Cass. pen. Sez. III, Sent., (ud. 03-03-2011) 12-07-2011, n. 27207

Sentenza scelta dal dott. Domenico Cirasole direttore del sito giuridico http://www.gadit.it/

Svolgimento del processo – Motivi della decisione

Con sentenza del 19 aprile 2010 la Corte di Appello di Bari confermava la sentenza del Tribunale di Trani del 21 settembre 2009 con la quale M.M., imputato del reato di cui all’art. 674 c.p., era stato dichiarato colpevole del detto reato (ed assolto, invece, dal concorrente reato di cui all’art. 659 c.p.) e condannato alla pena di giorni dieci di arresto ed al risarcimento dei danni in favore della parte civile.

Ricorre contro la sentenza l’imputato deducendo violazione della legge penale ( art. 157 c.p.) per essersi il reato estinto già prima della sentenza di primo grado in relazione all’epoca di commissione del fatto ((OMISSIS) o al più tardi, (OMISSIS), data di proposizione della querela) in applicazione del regime precedente la L. n. 205 del 2005.

Il ricorso è fondato.

Va premesso che – per come è dato leggere dalla motivazione della sentenza impugnata – la data di commissione del reato non è quella indicata nel capo di imputazione, bensì quella – espressamente enunciata in sentenza – del 2 settembre 2005, epoca in cui, come ricordato dalla Corte di Appello, venne effettuato il sopralluogo accertante la condotta vietata. In ogni caso, a non voler considerare tale data come determinante ai fini della individuazione del tempus commissi delicti, certamente risulta dalla sentenza impugnata che la querela sporta nei riguardi dell’imputato venne presentata in data 13 ottobre 2005, per una condotta commessa, comunque, prima di tale data.
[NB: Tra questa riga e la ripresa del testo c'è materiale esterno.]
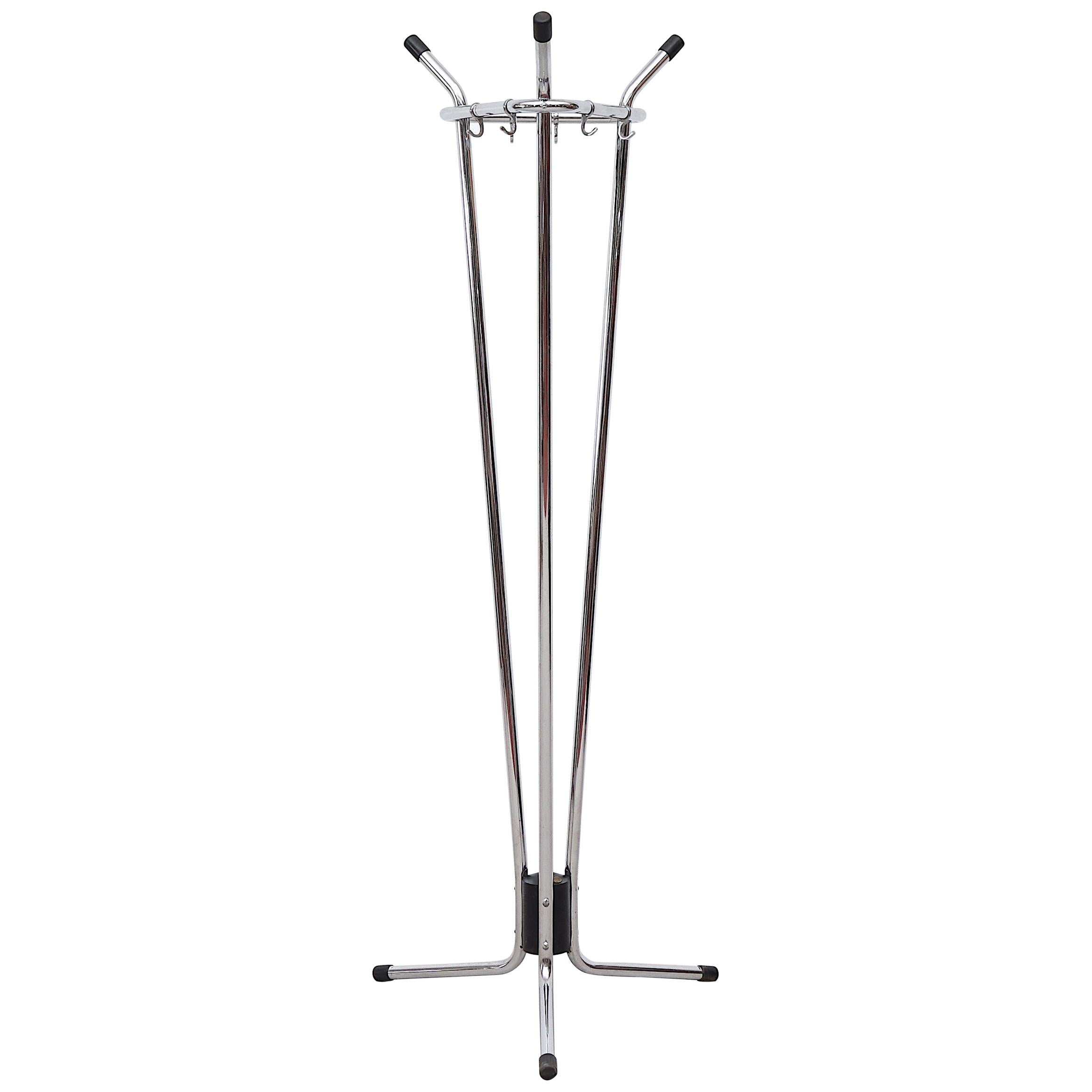 Mid-Century Tubax 'Attributed' Chrome Industrial Coat Rack For Sale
Va premesso che, come ripetutamente affermato dalla giurisprudenza di questa Corte, il reato di cui all’art. 674 c.p., è di natura istantanea e solo eventualmente permanente: ipotesi che ricorre quando l’illegittima emissione sia connessa all’esercizio di attività economiche e legate al ciclo produttivo (in tal senso Cass. Sez. 1^ 13.11.1997 n. 2598; nello stesso senso, Cass. Sez. 1^ 10.11.1988 n. 3162).

Il termine di prescrizione decorrerà quindi dalla data di commissione del fatto, indipendentemente dalle sue conseguenze.

Ciò detto, e passando ad esaminare il criterio di calcolo della prescrizione invocato dal ricorrente, devesi aver riguardo – come esattamente argomentato dalla difesa – al testo normativo antecedente alla L. n. 251 del 2005, (che ha, come è noto, elevato a quattro anni, prorogabili di 1/4, il termine prescrizionale per i reati contravvenzionali): in forza del testo previgente, che trova applicazione in quanto disposizione più favorevole, laddove riferita a reati commessi sotto la vigenza delle precedenti disposizioni (in questo senso, Cass. Sez. 3^ 11.6.2008 n. 37271, Quattrocchi, Rv.

241080; Cass. Sez. 1^ 7.11.2006 n. 39086, P.G. in proc. Mascali, Rv.

235978), trova applicazione il termine più breve triennale prorogabile nella sua massima misura ad anni quattro e mesi sei decorrenti dalla data di commissione del fatto (a tutto voler concedere il 13 ottobre 2005).

Detto termine, quindi, era certamente scaduto prima della pronuncia della sentenza di appello. Da qui l’annullamento della sentenza impugnata, senza rinvio, per intervenuta prescrizione. Restano ferme le statuizioni in favore della parte civile disposte nel giudizio di primo grado, confermate in appello e non contestate in ricorso. La suddetta parte civile peraltro non ha diritto alle spese del presente grado in quanto, una volta accertato che già alla data emissione della sentenza di appello il reato era prescritto e che il ricorso è stato proposto con deduzione di quest’unico motivo, la stessa non ha interesse ad interferire sugli effetti penali della sentenza.

P.Q.M.

Annulla la sentenza impugnata senza rinvio per essere il reato estinto per prescrizione.

Respinge l’istanza di spese della parte civile.
Testo non ufficiale. La sola stampa del bollettino ufficiale ha carattere legale.